The division of power between the federal and regional governments is hazy at best. Although the fear for Russia's territorial integrity has subsided, key problems remain unsolved. Many prospering or reform-minded regions are reluctant to subsidize the economies of poorer or reform-averse regions by means of federal tax redistributions. Oil-rich Tyumen, to give one example, is presently drafting a new regional charter that claims more economic and political autonomy than provided for in the federal legislation.
To the extent that the central government intends to continue a relatively tight monetary policy, the pressure for increased tax revenues from the regions will increase. Added to the ongoing controversies over the budget, export licenses and state property, this may trigger a new round of stand-offs between the regions and Moscow.
In most regions, the relationship between a presidentially appointed governor and a locally elected legislature is largely determined by personal and political chemistry. Existing legislation does not define a workable division of power. The voluntary agreement in 1992 between Governor Boris Nemtsov and the regional parliament to create a Coordinating Council to bridge the gap between the two branches of regional government, was instrumental in turning Nizhny Novgorod into Russia's most successful example of reform to date.
Significantly the Federal Treaty, signed in 1992 to regulate the relationships between Moscow and the country's regions, was not included in Russia's new constitution. No mechanism other than silent tolerance has yet been found to resolve the numerous contradictions between the federal constitution and the many regional charters. The uneasy treaties Russia signed with the republics of Tatarstan and Bashkortostan earlier this year, not to mention the Chechen Republic's refusal to accept federal law, conspicuously demonstrate the frailty of the current federative arrangements.

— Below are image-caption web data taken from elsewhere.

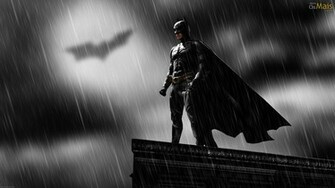 Papel De Parede Batman Wallpaper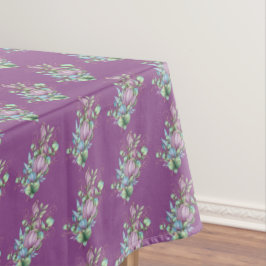 Toalha De Mesa Tablecloth do Buquê primavera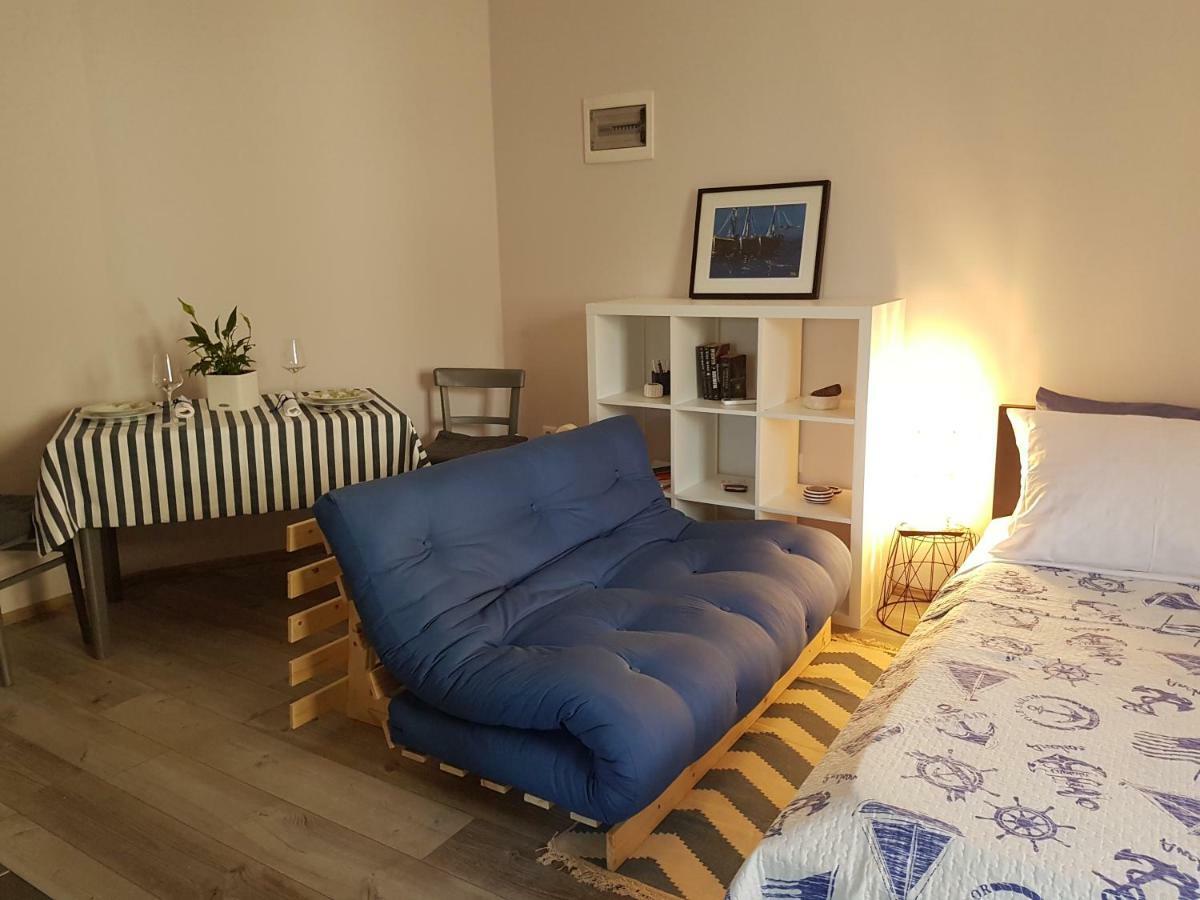Griva Studio Apartman Zadar Exteriör bild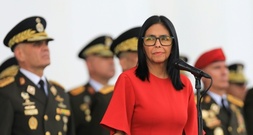 Venezuelas Übergangspräsidentin: Oppositionelle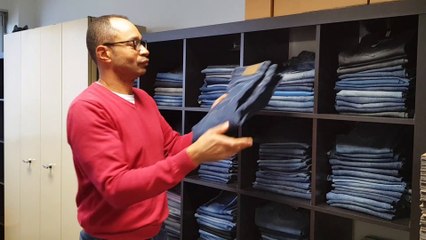 Une marque de jeans mulhousienne pour toutes les fesses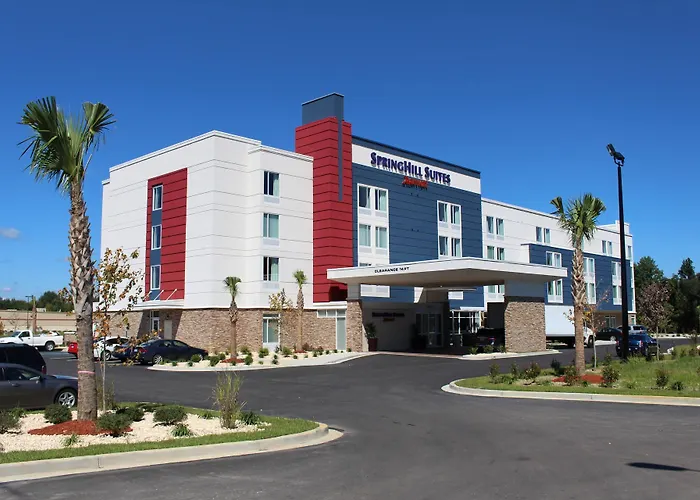 Springhill Suites By Marriott Sumter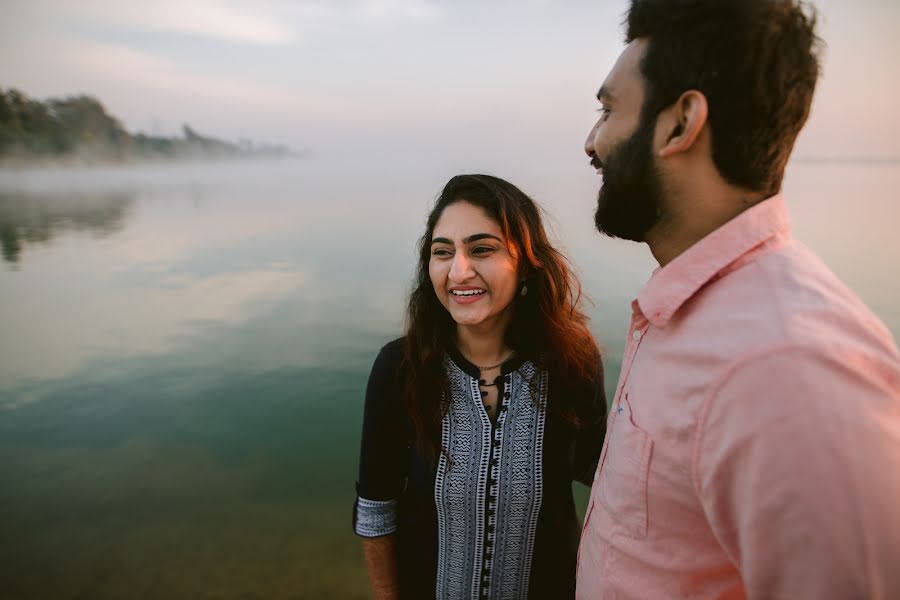 Photographe de mariage Shanthan Reddy (shanthanreddy). Photo du 11 janvier 2019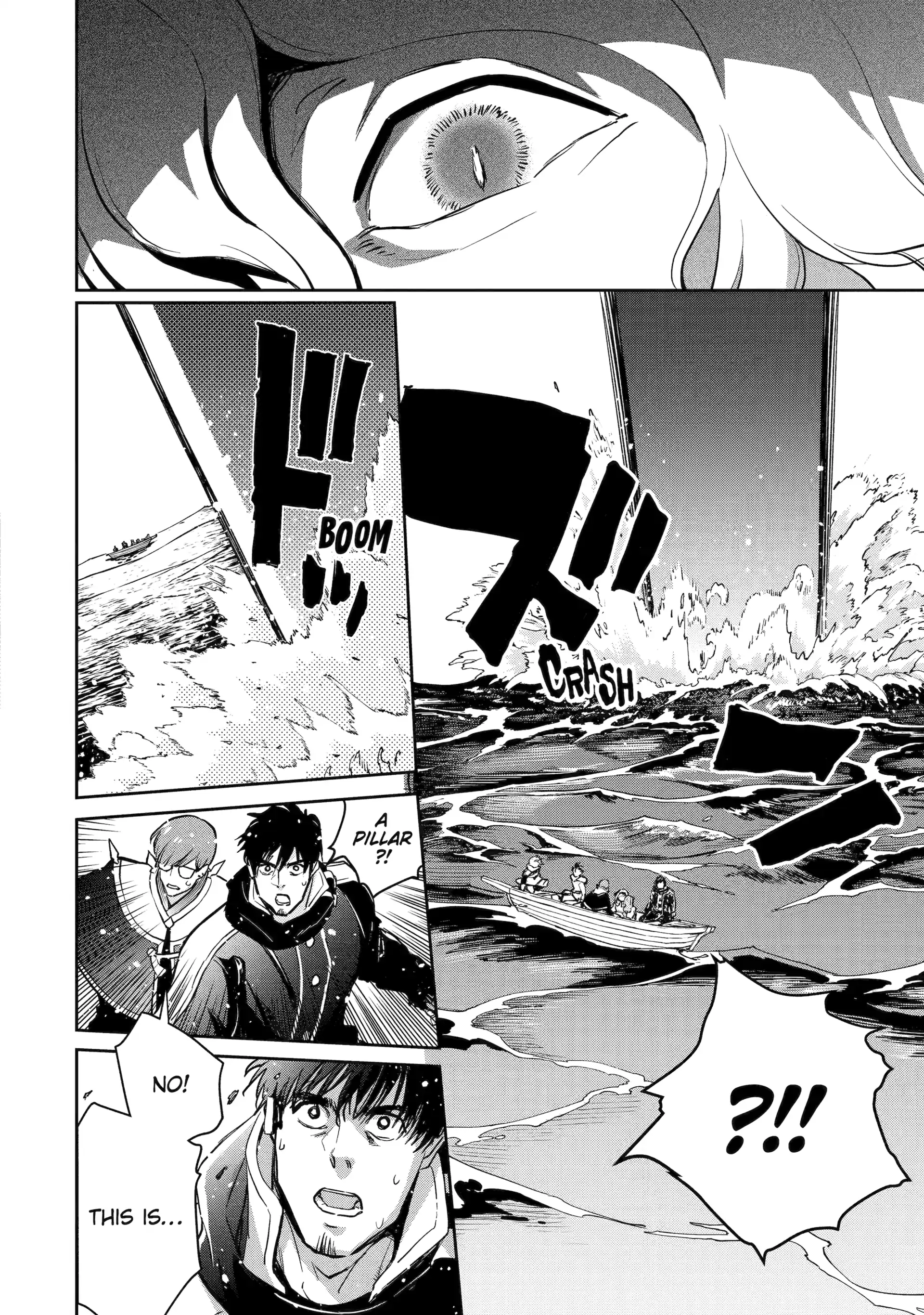 I’m a Middle-Aged Man Who Got My Adventurer License Revoked Chapter 55 - Page 2
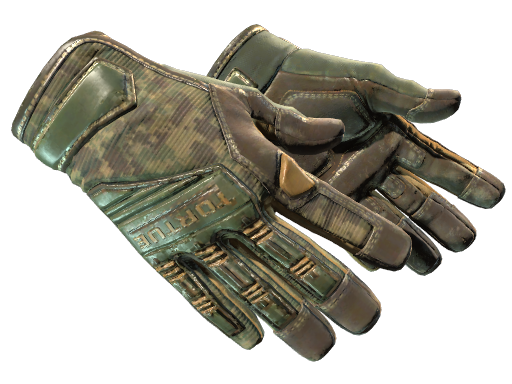 Specialist Gloves | Forest DDPAT (Field-Tested)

Moreover, the division of power between the executive and legislative branches on the federal level still lacks an effective balancing force. Russia's first experiment with a Constitutional Court, created in the heyday of Russia's young democracy, went badly wrong. Although initially the court avoided being drawn into the conflicts between the main political opponents, subsequent events exposed the court's inability to act as constitutional arbiter.
The Constitutional Court has had no real means to effect its own decisions. Apparently as a result of the political activities of the court's previous chairman, Valery Zorkin, which did much to discredit the institution as a whole, neither the new constitution nor the new law on the Constitutional Court grants the court real administrative clout. Worse, by denying any lower-ranking judicial body the right to review constitutional questions, the new legislation guarantees that the court will be immobilized by a deluge of appeals.
In addition, the temptation to raise political conflicts to a constitutional level is as great as ever. This will further dent the image of the court which already enjoys little to no public respect: In a society in which the most successful live by to their own rules, public confidence in any sort of referee is naturally low. The reality is that the revision of political rules and the delineation of administrative competence are still left to the political players themselves.
Lastly, there is the question of the constitution's legitimacy. In July, Nezavisimaya Gazeta published an analysis by Alexander Sobyanin who had been asked by Yeltsin to review the adoption of the current constitution. Sobyanin's findings indicated that the constitution had in fact failed to gather the number of votes necessary for passage in the December 1993 referendum. Subsequently Sobyanin was removed from his position and his report was, officially and publicly, treated with stony silence.
This is no surprise: For more than two years the constitutional division of powers has been the root cause of the country's political crises. Acknowledging doubts about the legitimacy of Russia's new constitution, which had been proposed by the president and which forms the basis for the current parliament's existence, would have produced a complete vacuum of political authority.
Also, the initial concerns about the new constitution -- that it provides for a strong presidency and a weak parliament with little say in the formation of the government -- seem to have been forgotten. Yeltsin is still seen by many as the symbol of democracy and reform. But the troubling question remains of who will succeed Yeltsin and inherit his far-reaching constitutional power.
Much of Russia's current tranquility is a function of a battle-weary president and a parliament too splintered to provide real opposition. And much of the credit goes to Prime Minister Viktor Chernomyrdin, who has masterfully consolidated his position while simultaneously implementing the basic principles of Yegor Gaidar's reform program. The "Chernomyrdin phenomenon," though, is really just another example of Russia's problem: Stability still depends too much on individual personalities and personal relationships. Lasting stability is yet to be institutionalized in Russia.
Richard Burger is the director of the Carnegie Endowment's Moscow center. He contributed this comment to The Moscow Times.